**Exercise goal:** Copy exactly the lines from the line holding "Brown Leather recliner - Excellent" through the end of the material, and no others; pictures stay out.

-*-*-

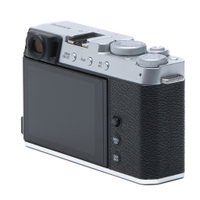 Fujifilm X-E4 silber gebraucht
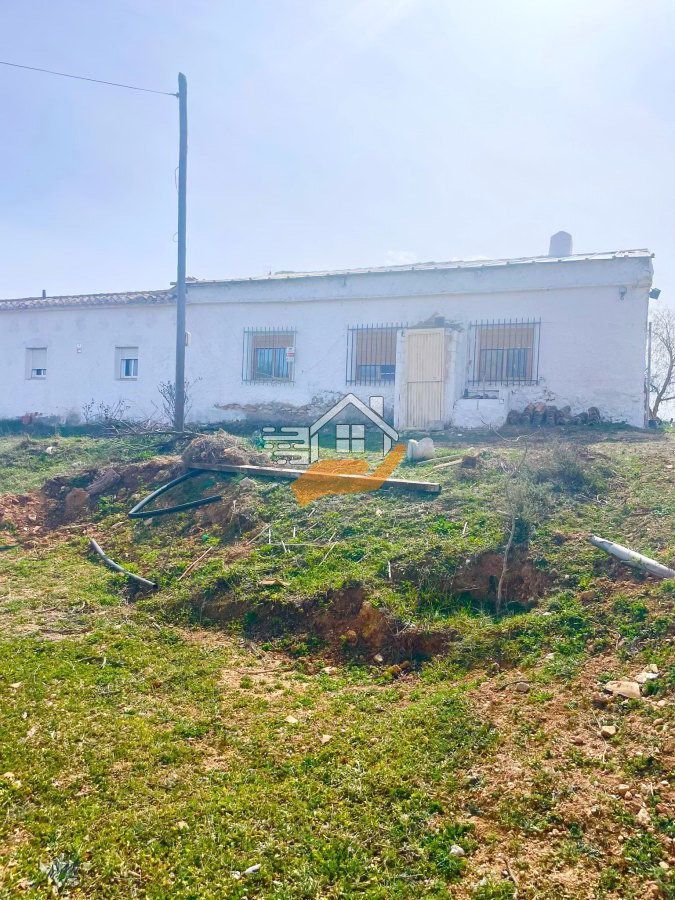 Country house for sale in Chirivel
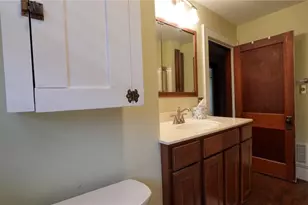 809 N 10th St, Cambridge, OH 43725 - Photo 17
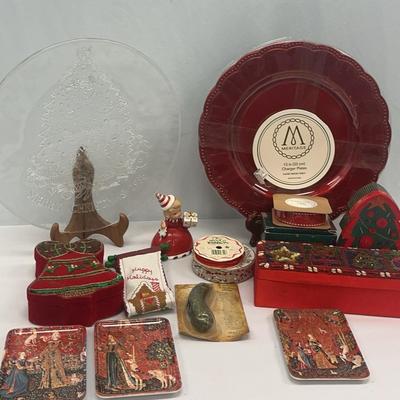 Trays & Tiny Treasures 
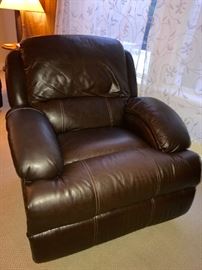 Brown Leather recliner - Excellent

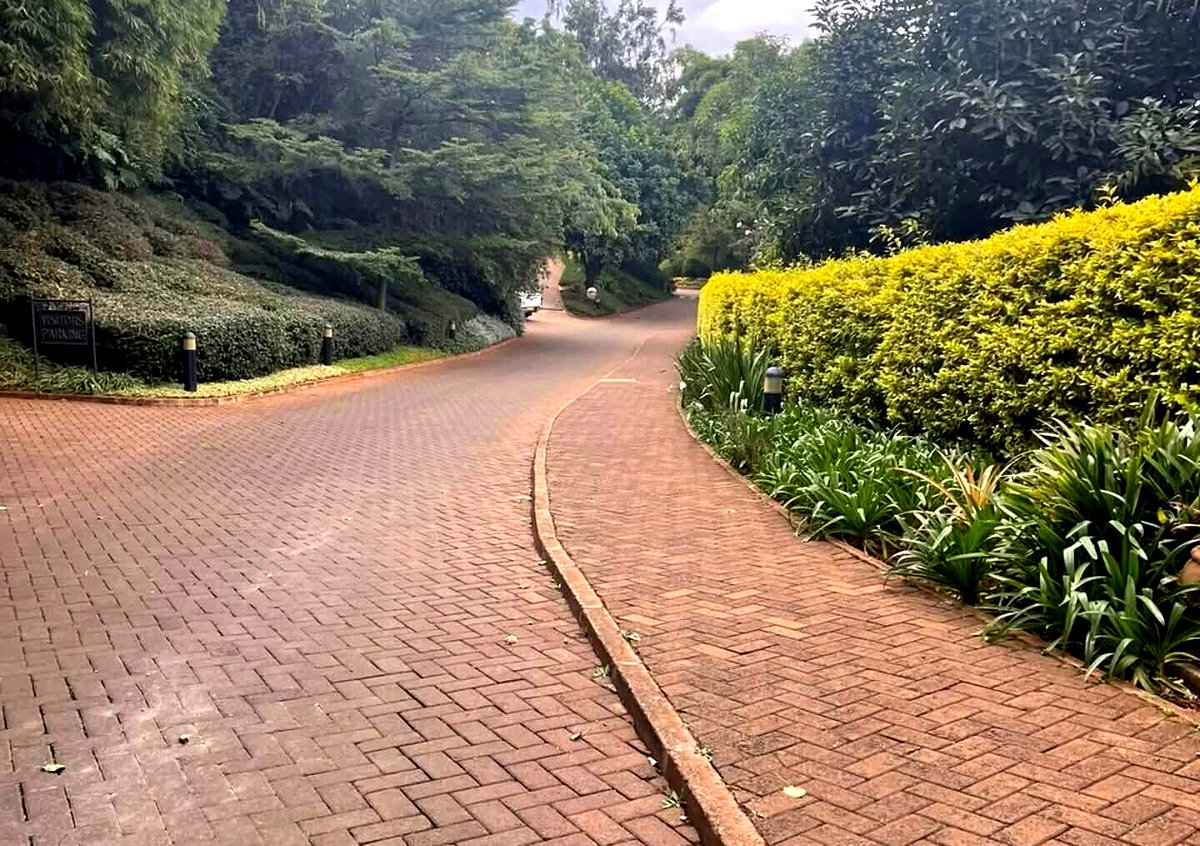 4BR Townhouse with Private Pool & Clubhouse Access - Kitisuru
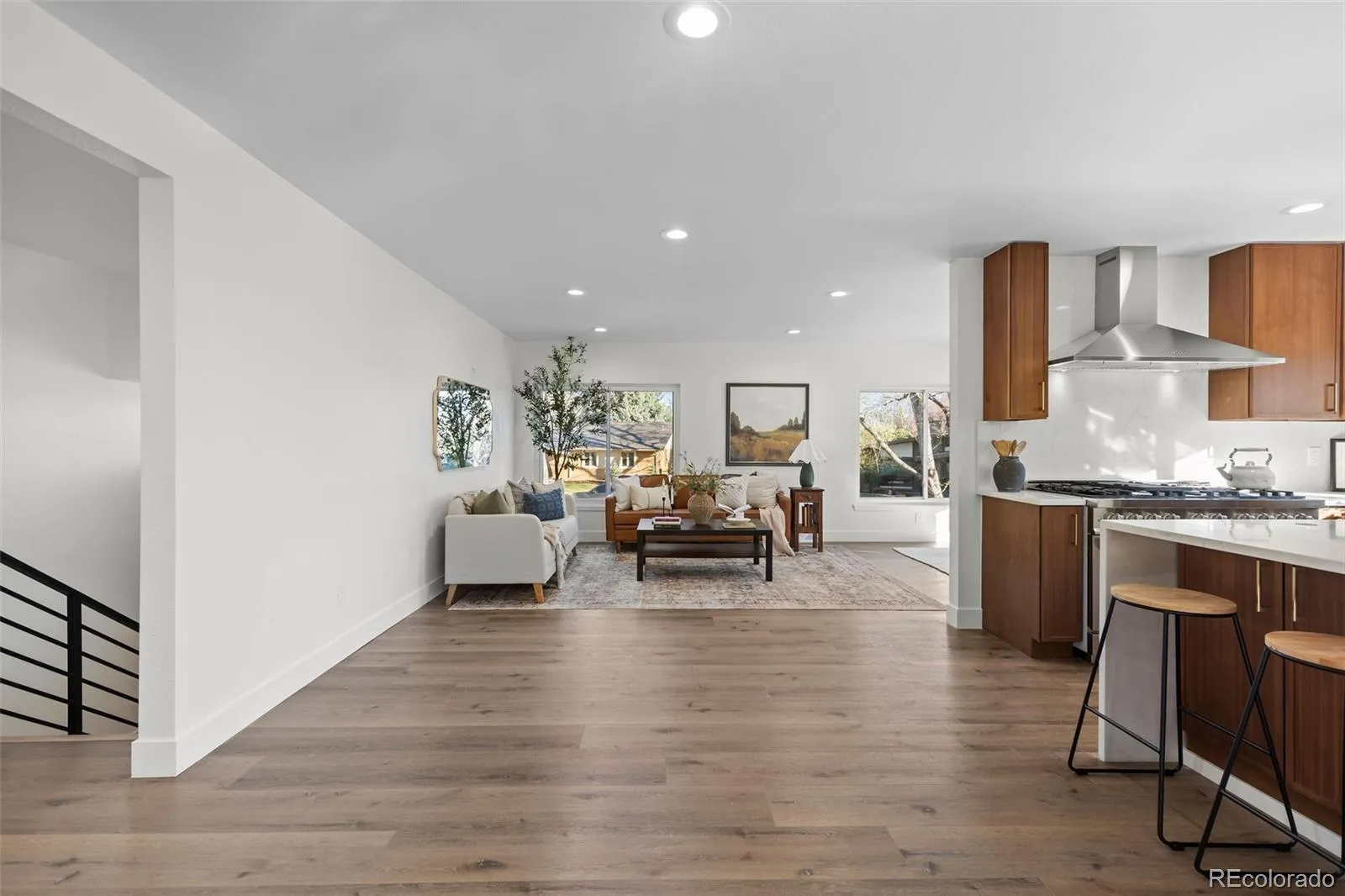 04062026231509 1600 16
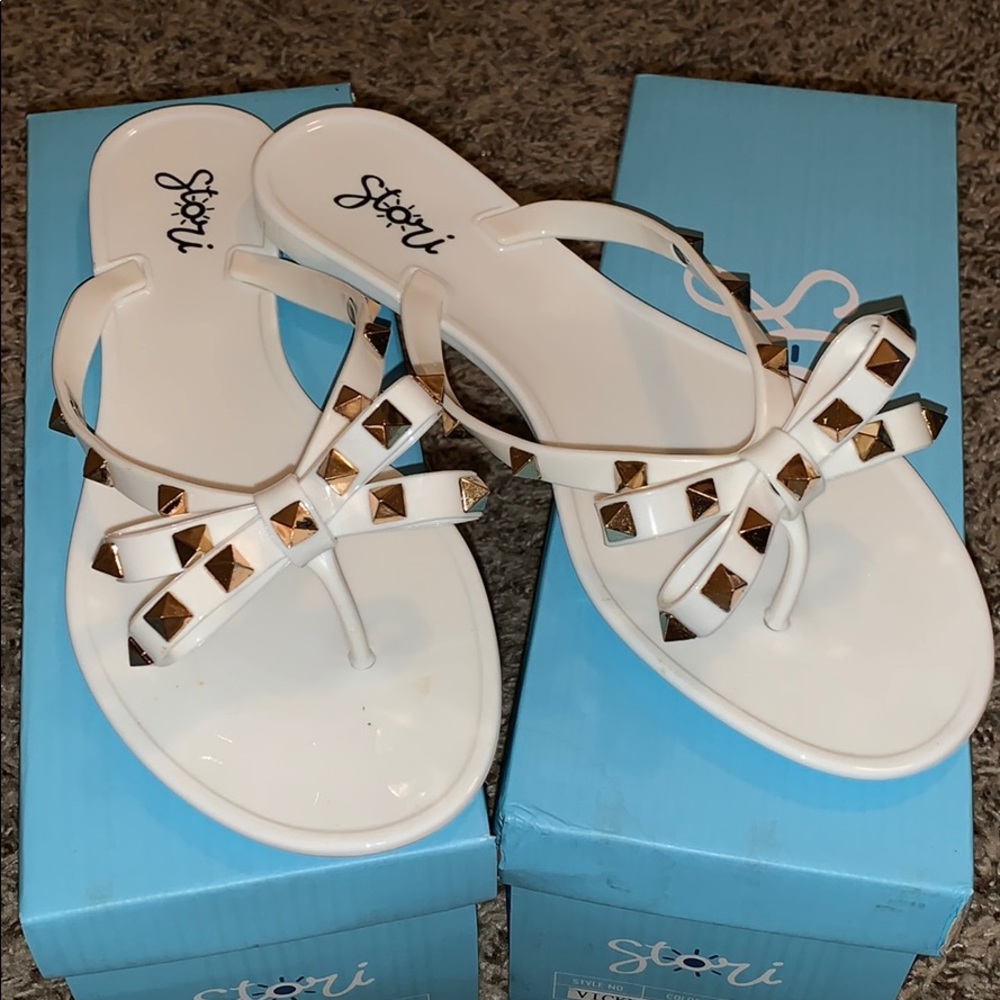 RESTOCKED* Women’s jelly studded sandal.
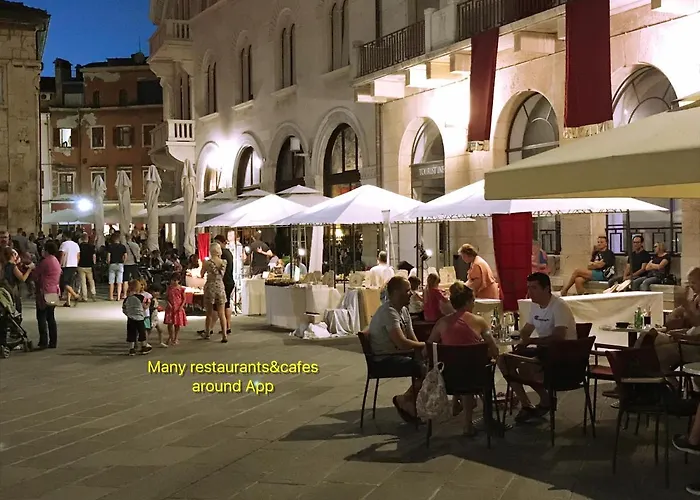 아파트 Amphitheater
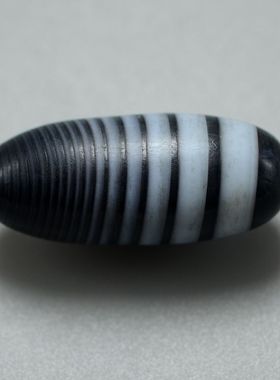 风化纹老缠丝玛瑙珠黑白色蛹形千年古珠精品古董佩饰老珠挂坠放漏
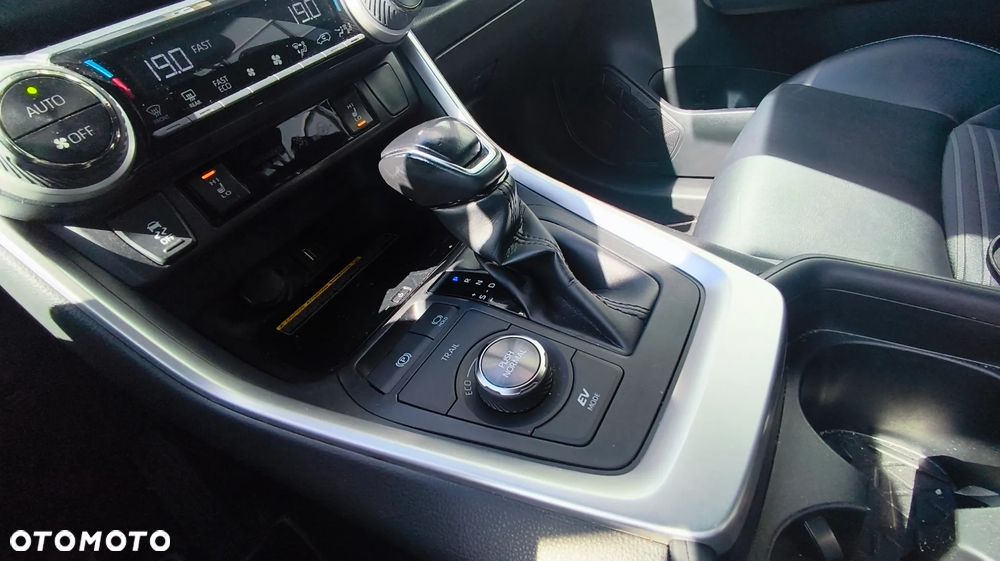 Toyota RAV4 2.5 Hybrid Black Edition by JBL 4x4 - 15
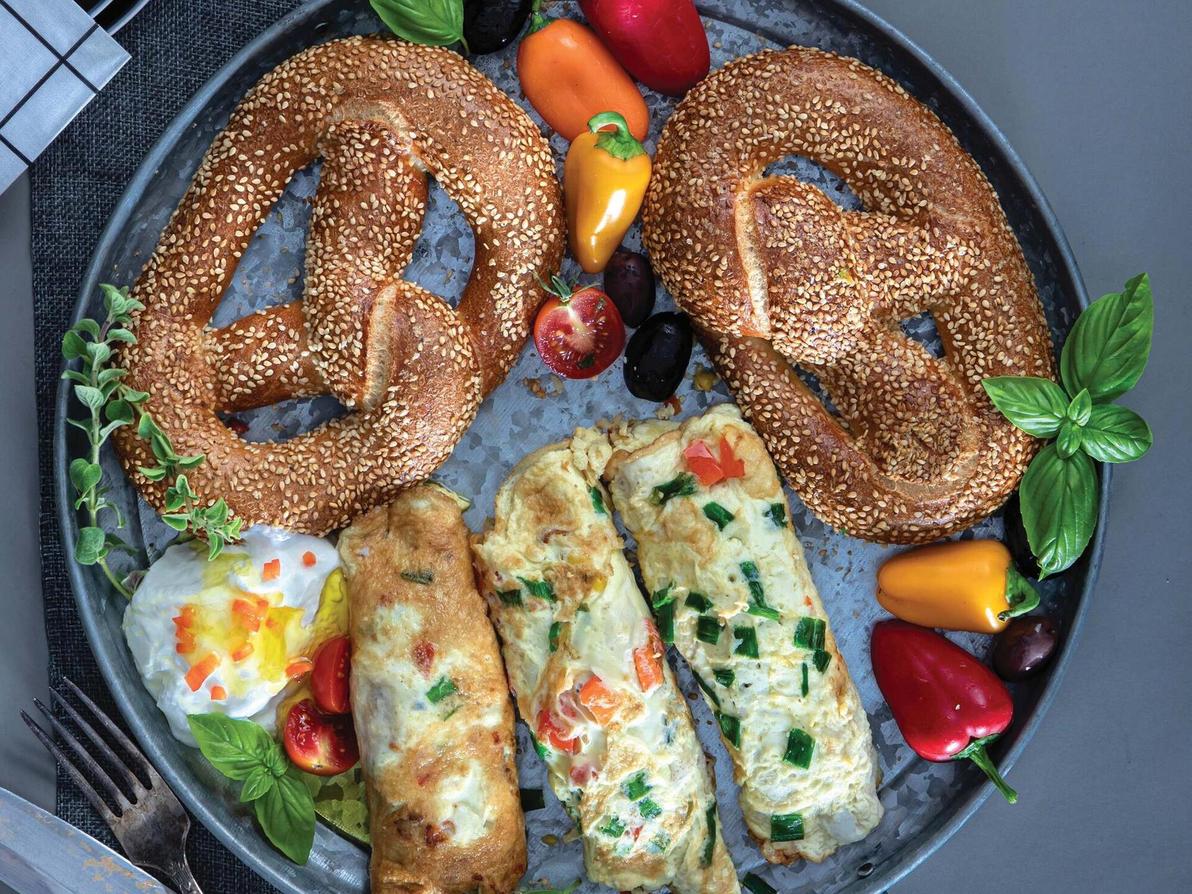 חביתה מגולגלת במילוי גבינת זיתים וירקות (צילום: שרית גופן, סגנון: עמית דונסקוי) חביתה מגולגלת במילוי גבינת זיתים וירקות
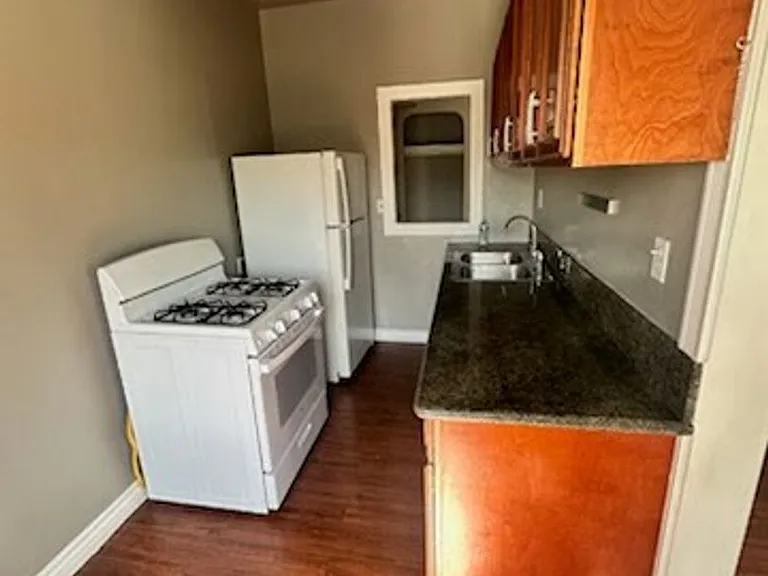 Alexandria Apartments LLC — Photo 43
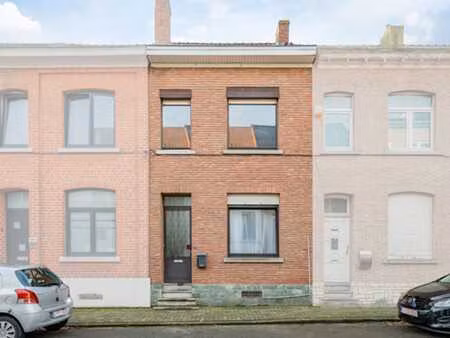maison familiale prête à emménager au centre de lembeek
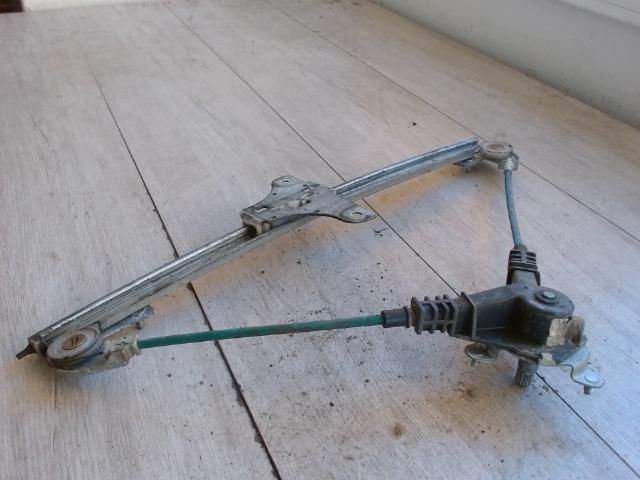 bontott SUZUKI WAGON R PLUS Jobb hátsó Ablakemelő Szerkezet (Mechanikus)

-*-*-

**Task response:**
 Brown Leather recliner - Excellent

 4BR Townhouse with Private Pool & Clubhouse Access - Kitisuru
 04062026231509 1600 16
 RESTOCKED* Women’s jelly studded sandal.
 아파트 Amphitheater
 风化纹老缠丝玛瑙珠黑白色蛹形千年古珠精品古董佩饰老珠挂坠放漏
 Toyota RAV4 2.5 Hybrid Black Edition by JBL 4x4 - 15
 חביתה מגולגלת במילוי גבינת זיתים וירקות (צילום: שרית גופן, סגנון: עמית דונסקוי) חביתה מגולגלת במילוי גבינת זיתים וירקות
 Alexandria Apartments LLC — Photo 43
maison familiale prête à emménager au centre de lembeek
 bontott SUZUKI WAGON R PLUS Jobb hátsó Ablakemelő Szerkezet (Mechanikus)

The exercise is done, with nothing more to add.